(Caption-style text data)
*** Begin section ***

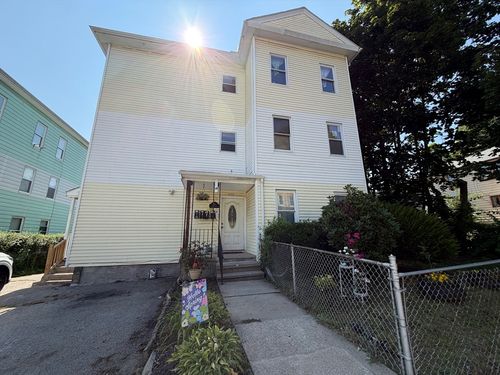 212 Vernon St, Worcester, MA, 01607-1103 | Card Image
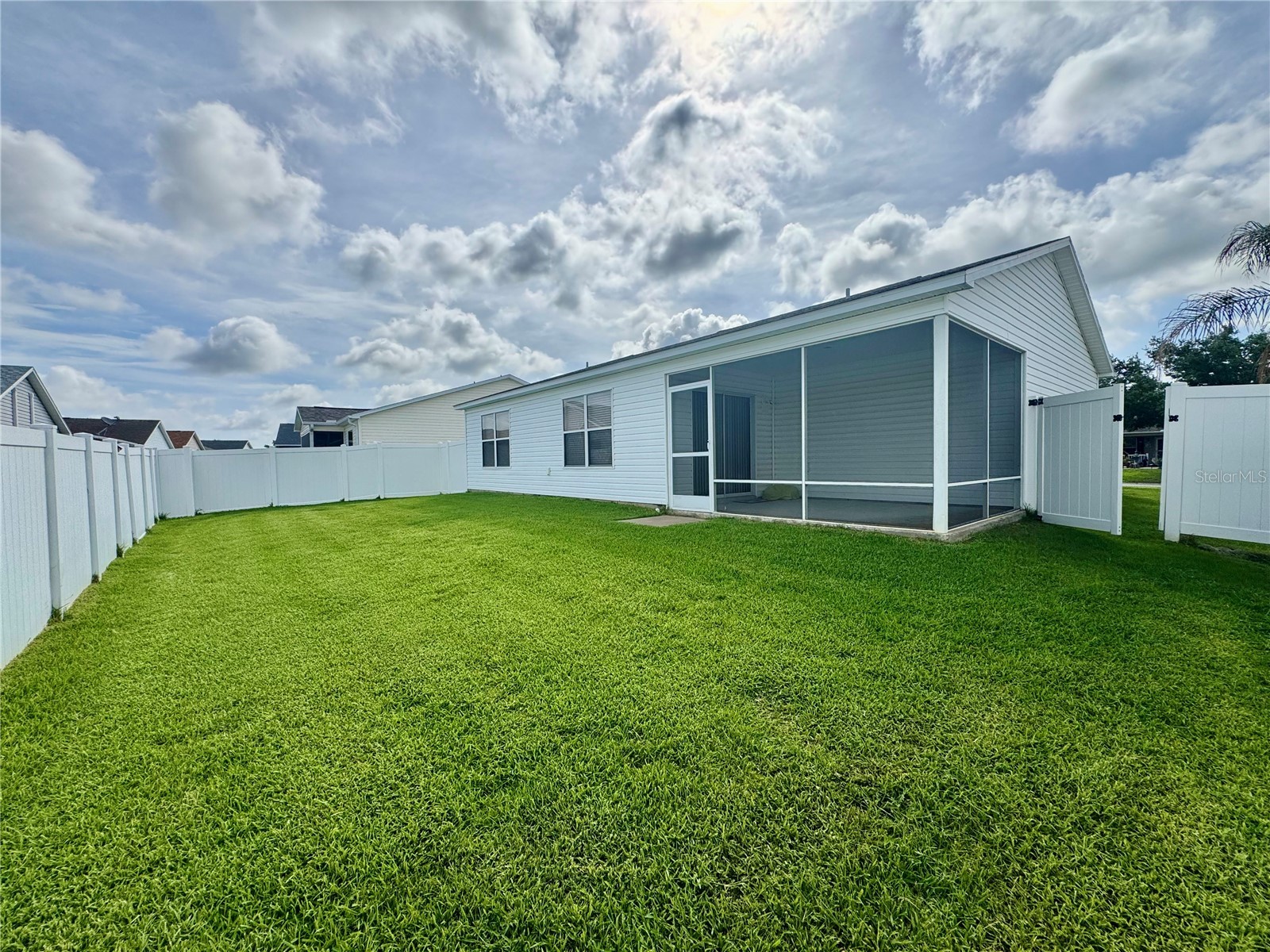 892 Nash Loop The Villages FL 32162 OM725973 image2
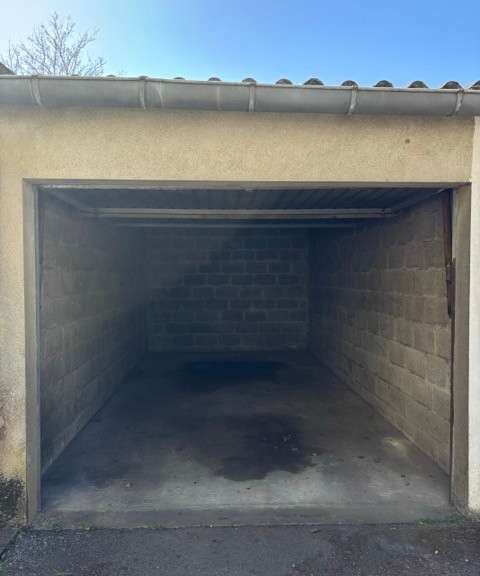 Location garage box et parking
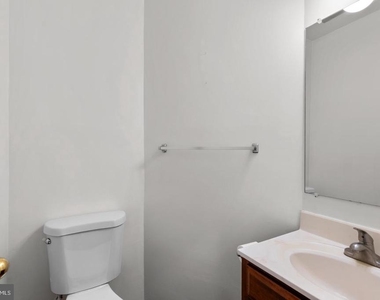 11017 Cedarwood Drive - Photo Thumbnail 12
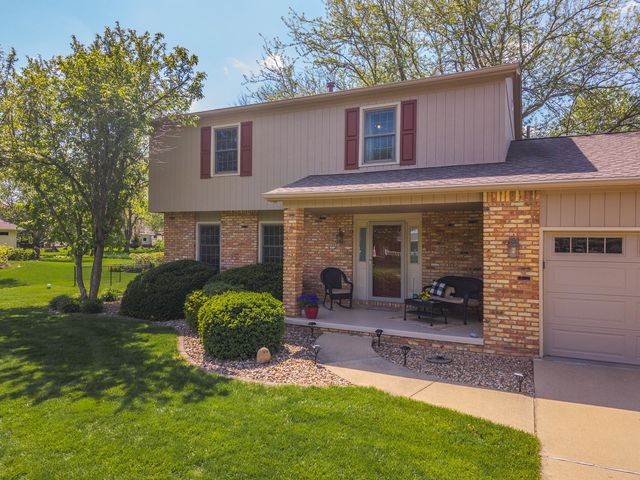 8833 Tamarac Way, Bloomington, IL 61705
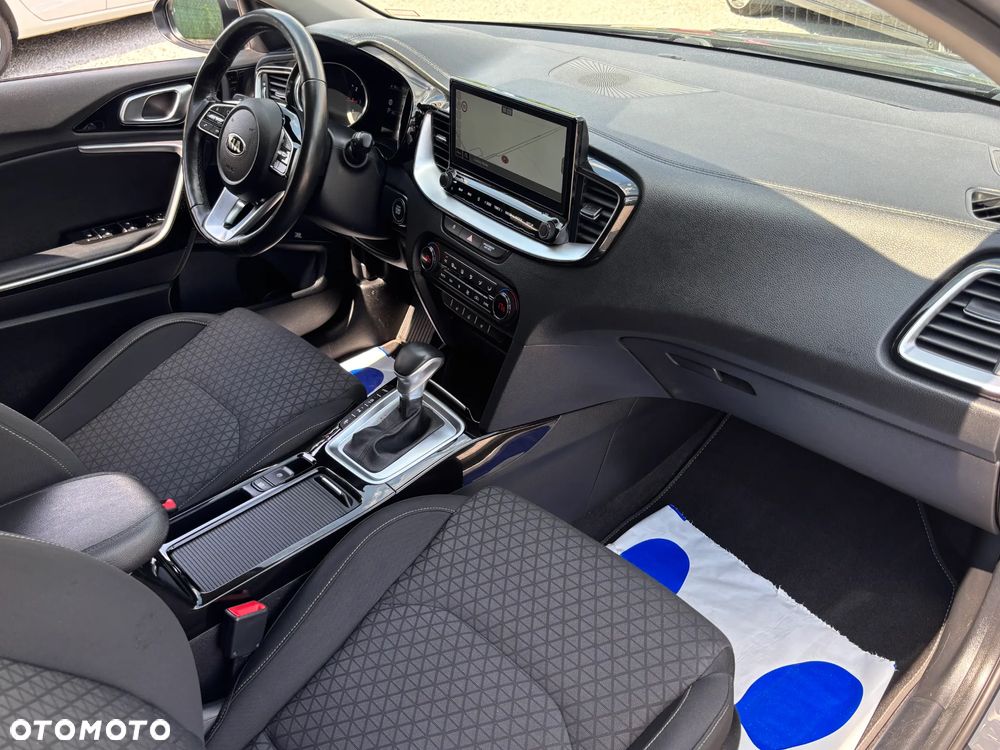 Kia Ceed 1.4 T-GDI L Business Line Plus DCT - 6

*** End section ***

• **BRIEF**
Once the line containing "8833 Tamarac Way, Bloomington, IL 61705" is found, transcribe it and every line after it to the end of the records, exactly and with no pictures.

• **ANSWER SECTION**
 8833 Tamarac Way, Bloomington, IL 61705
 Kia Ceed 1.4 T-GDI L Business Line Plus DCT - 6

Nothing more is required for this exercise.